Jakarta (Antara Babel) - Pimpinan Pusat Muhammadiyah mengusulkan agar MPR
RI melakukan amandemen terbatas konstitusi atau UUD NRI 1945 guna
mengembalikan posisi MPR RI sebagai lembaga tertinggi negara dan
menghidupkan kembali garis-garis besar haluan negara (GBHN).
"Muhammadiyah
mencermati arah perkembangan bangsa sejak era reformasi, melihat adanya
distorsi demokrasi, salah satunya pada posisi dan kewenangan MPR RI,"

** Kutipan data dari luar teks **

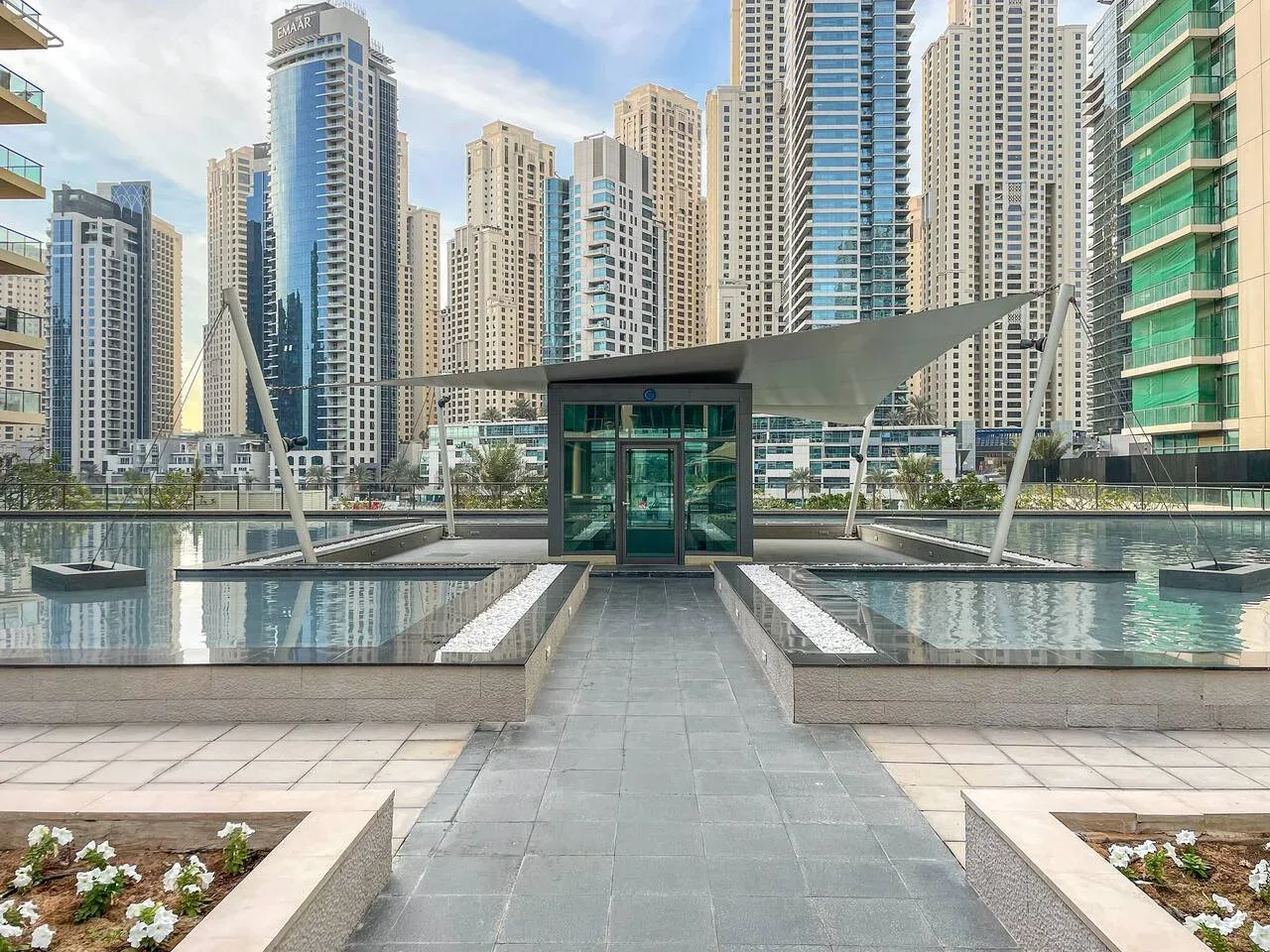 Una terraza exterior con estanques reflectantes poco profundos y un horizonte urbano.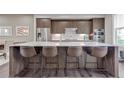 Kitchen island with white countertop and seating for four barstools at 215 Arizona Ne Ave # 2, Atlanta, GA 30307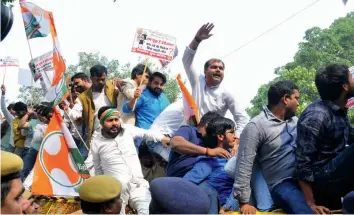  ??  ?? Activists of Youth Congress protest against Bharatiya Janata Party president Amit Shah and his son Jay Shah in New Delhi on Friday. — BUNNY SMITH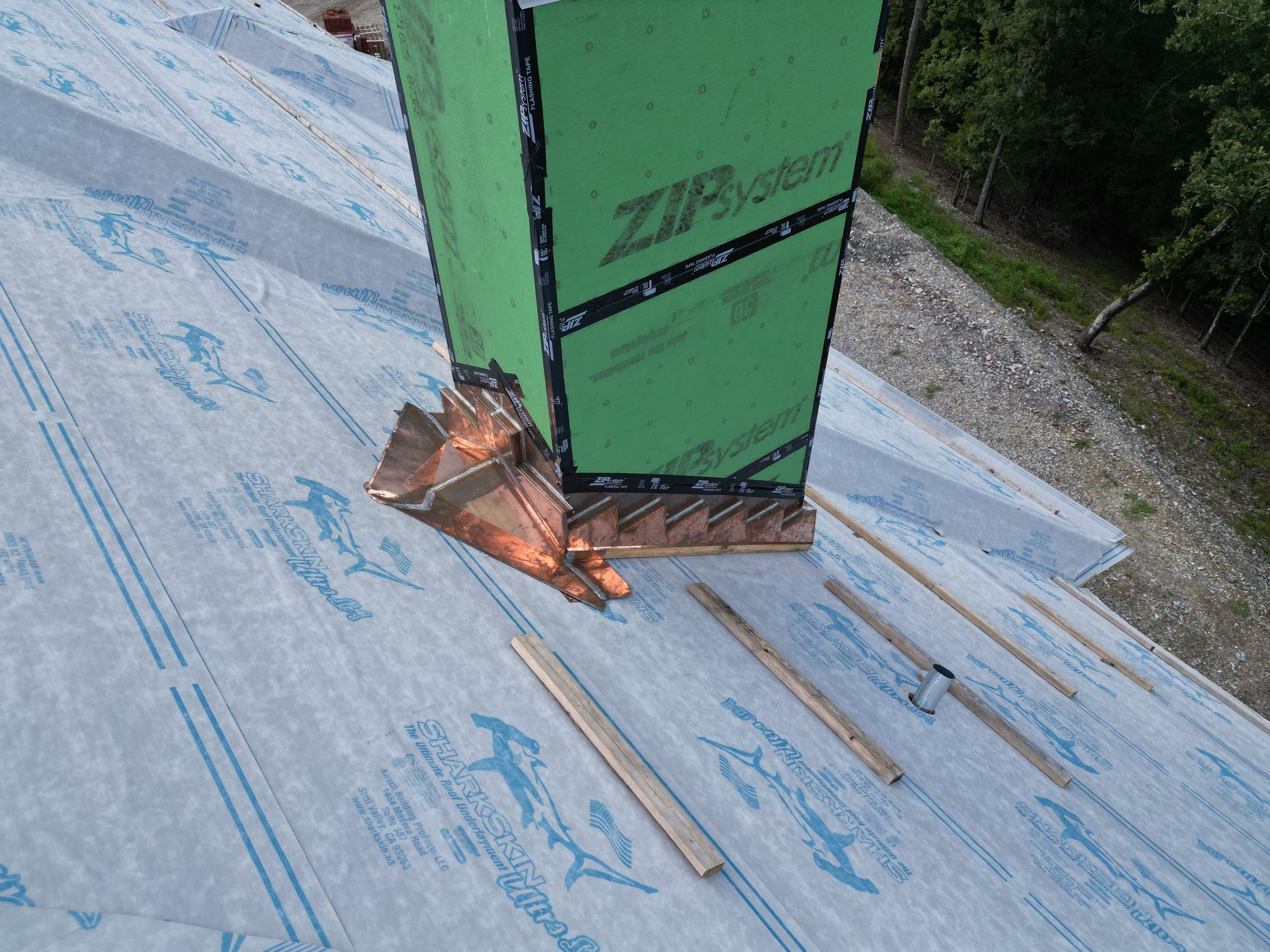 Copper chimney flashing installed over new roof underlayment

kata Ketua Umum PP Muhammadiyah Haedar Nashir ketika bertemu dengan
pimpinan MPR RI di Gedung MPR/DPR/DPD RI, Jakarta, Senin.
Pada
kesempatan tersebut, Haedar Nashir didampingi sejumlah pimpinan
Muhammadiyah antara lain para ketua yakni Anwar Abbas, Busyro Muqqoddas,
Muhadjir Effendy, Suyatno, serta Abdul Muti
(sekretaris umum), dan Marpuji Ali (bendahara).
Sementara,
Ketua MPR RI Zulkifli Hasan didampingi para wakil ketua yakni EE
Mangindaan, Oesman Sapta, dan Mahyudin, serta para ketua fraksi yakni
Johhn Pierris (DPD), Sunmanjaya (PKS), Fadholi
(NasDem), Ahmad Basarah (PDIP), Anna Muawanah (PKB).
Menurut
Haedar Nashir, Muhammadiyah berpandangan poin penting dalam amandemen
konstitusi adalah perubahan pasal soal pemilihan presiden dari dipilih
oleh MPR RI menjadi pemilihan langsung oleh rakyat.
"Namun, dalam
praktiknya amandemen konstitusi yang dilakukan sampai empat kali,
mengubah beberapa pasal lain sehingga jumlah pasal dan ayatnya jadi
bertambah banyak," katanya.
Menurut Haedar, Muhammadiyah melihat
dalam konstitusi yakni UUD 1945 yang dibuat para pendiri bangsa, MPR RI
benar-benar representasi wakil rakyat, baik yang dipilih melalui pemilu,
maupun utusan daerah dan utusan golongan.
Konstitusi yang telah
diamandemen menjadi UUD NRI 1945 saat ini, menurut dia, seperti sudah
tercerabut dari representasi rakyat sehingga sehingga wakil rakyat di
MPR RI tinggal dua yakni DPR dan DPD.
"Dalam tafsir Muhammadiyah,
MPR RI perlu dikembalikan ke posisi sebagai lembaga tertinggi negara.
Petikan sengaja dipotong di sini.